» WORK REQUIRED: In your copy, leave out the pictures and repeat every record exactly.

*** Opening EXCERPTED DATA ***

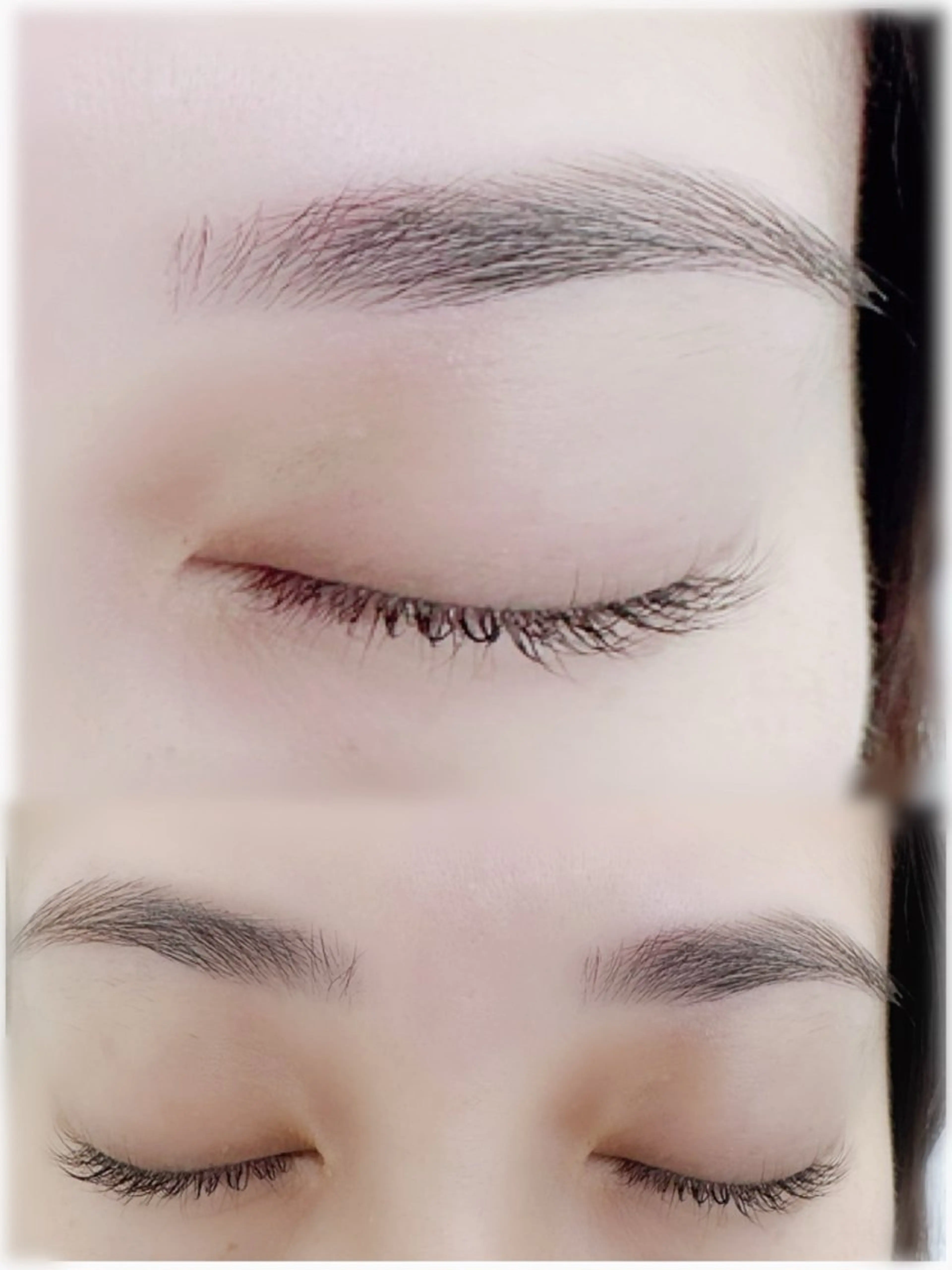 アイブロウ ANGE松戸店所属・ANGE🪽 松戸店 🫧Nagisaの眉毛・アイブロウイメージ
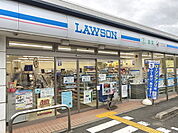 ローソン嵯峨釈迦堂門前店まで484m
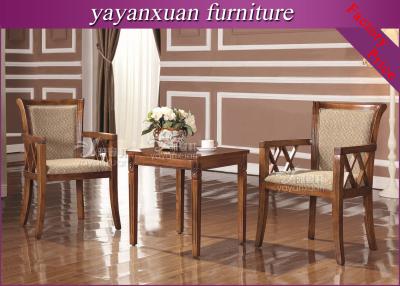 China Meeting Room Tables And Chairs WIth Wooden Material For Supply In Wholesaler (YW-36) for sale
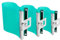 caapmony 3 Piezas Impresora de sublimación 3D Abrazaderas para Envolver Tazas de Silicona de 11 onzas Molde de Silicona Ligera para impresión de Tazas por sublimación 3D...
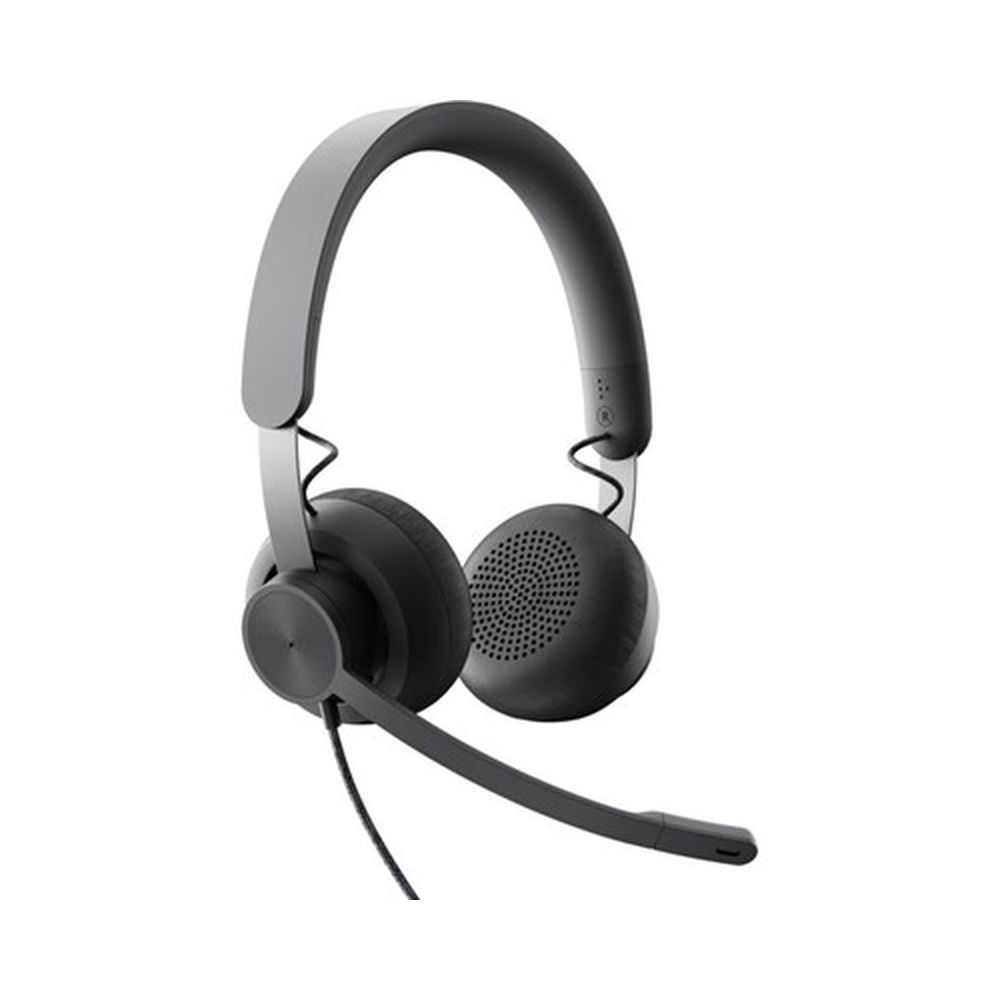 Logitech Zone | Wired Headset with Noise-Canceling Mic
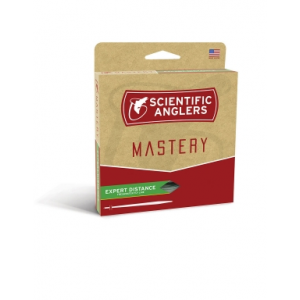 Scientific Anglers Fly Fishing Mastery Expert Distance Taper Line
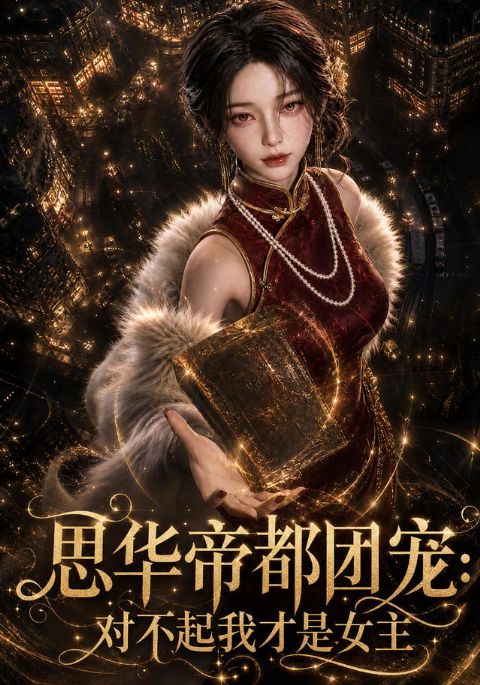 思华帝都团宠：对不起我才是女主海报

*** Closing EXCERPTED DATA ***

» FINISHED TASK:
 アイブロウ ANGE松戸店所属・ANGE🪽 松戸店 🫧Nagisaの眉毛・アイブロウイメージ
 ローソン嵯峨釈迦堂門前店まで484m
 China Meeting Room Tables And Chairs WIth Wooden Material For Supply In Wholesaler (YW-36) for sale
 caapmony 3 Piezas Impresora de sublimación 3D Abrazaderas para Envolver Tazas de Silicona de 11 onzas Molde de Silicona Ligera para impresión de Tazas por sublimación 3D...
 Logitech Zone | Wired Headset with Noise-Canceling Mic
 Scientific Anglers Fly Fishing Mastery Expert Distance Taper Line
 思华帝都团宠：对不起我才是女主海报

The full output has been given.